Tout excité j’étais.

Et tout excité je suis resté tout au long de mes écoutes. Dès les premières notes de Tout passera, on sent ce vent de changement qui balaie tout sur son passage. Cette chanson se veut un avant-goût du reste de l’album : même si on reconnaît les accents mélodiques qui nous avaient plu à notre première rencontre, on se trouve pluôt devant de la maudite belle pop aux accents rock, le jeu de batterie frénétique, des arrangements recherchés, et une voix qui a prix des tonnes d’assurance depuis la dernière fois qu’on l’a entendue.

Tout au long de l’album, on sent que Julie et Pietro (qui coécrit toutes les chansons) ont voulu se démarquer, pousser leurs limites et explorer des sonorités qu’on entend un peu moins dans la langue de Leclerc, même si je dois avouer que j’ai pensé très fort à une autre Leclerc (Salomé) sur Éclipse avec sa petite touche mi-Björk, mi-Radiohead. On sent même un petit grain dans la voix qu’on n’entend pas sur le reste de la galette.

Les chansons fortes se succèdent sur « Le grand spectacle » : difficile de ne pas avoir un petit frisson en écoutant Dans le ventre de la nuit, ni d’avoir la gorge un peu serrée au refrain d’Après l’arrivée des monstres (probablement la plus belle pièce qu’a écrite l’autrice-compositrice-interprète jusqu’à maintenant avec sa douceur et ses arrangements qui font rêver). On se laisse porter par le jeu un brin ludique des musiciens sur À l’envers, ou par les instruments à vents en folie sur Terre tranquille.

On a même parfois envie de danser (lentement), comme sur Une autre dernière fois, langoureusement groovy, un brin trip-hop (si on oublie les arrangements organiques absolument incroyables).

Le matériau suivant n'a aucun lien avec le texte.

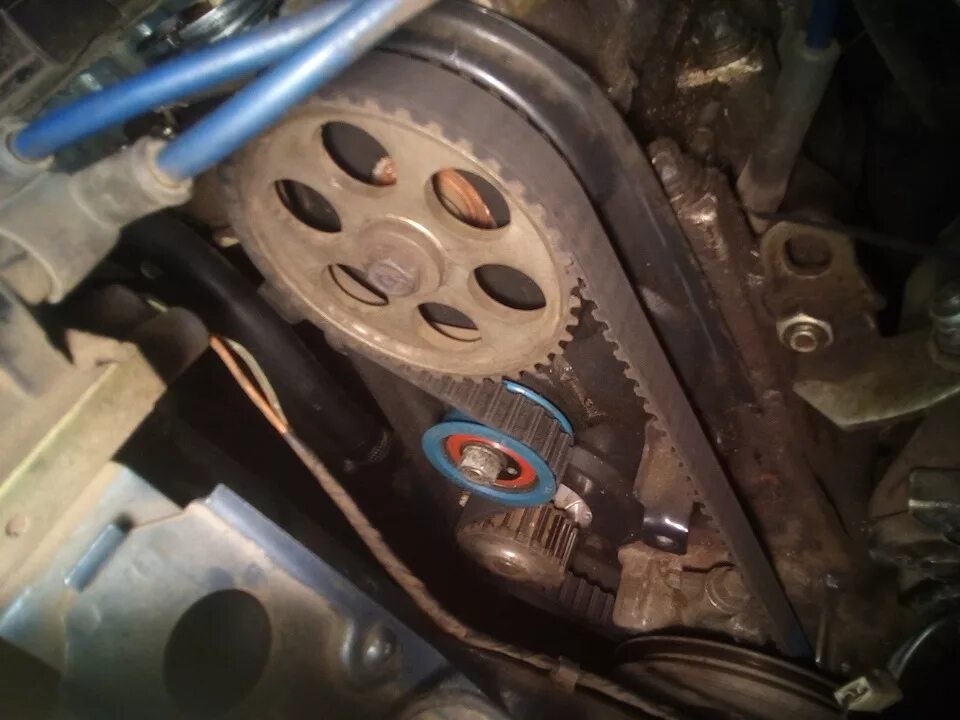 Зажигание на ваз 11113 ока. Ремень грм ваз 1111 ока. Как выставить метки на ока. Метки грм ваз 1111 ока. Привод ремня грм ваз 11113.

Vachement bien entourée, notamment par Pietro Amato qui ajoute autant de chaleur (cor français) que de synthés, Cédric Dind-Lavoie et ses basses, Stéphane Bergeron et Stefan Schneider aux percussions, Daniel Baillargeon et son excellent jeu de guitare (très atmosphérique), ainsi que les Woodies (Lise Millet au basson, Jocelyne Millet à la flûte, Florence Blain au hautbois et Guillaume Bourque à la clarinette basse), Julie Blanche réussit, sur « Le grand spectacle », à nous faire rêver éveillés pendant un peu plus d’une demi-heure. Même à leurs moments les plus complexes, les arrangements ne se transforment pas en cacophonie (il aurait été très facile de tomber dans ce piège), et bien qu’on s’imagine que ça va bien sonner à quatre ou cinq sur scène, rien ici n’est superflu, même si on manque parfois quelques nuances aux premières écoutes (et c’est pour ça qu’il faut prendre le temps de bien écouter l’album).

Cette demi-heure, on la passe à vivre toutes les émotions transmises par Julie et ses amis, autant par la beauté des textes que par la richesse de la musique. Le travail était colossal, mais le résultat est à l’avenant. « Le grand spectacle » marque une méchante belle évolution pour Julie Blanche, autant par son ambition que par son exécution. On s’incline avec le plus grand respect.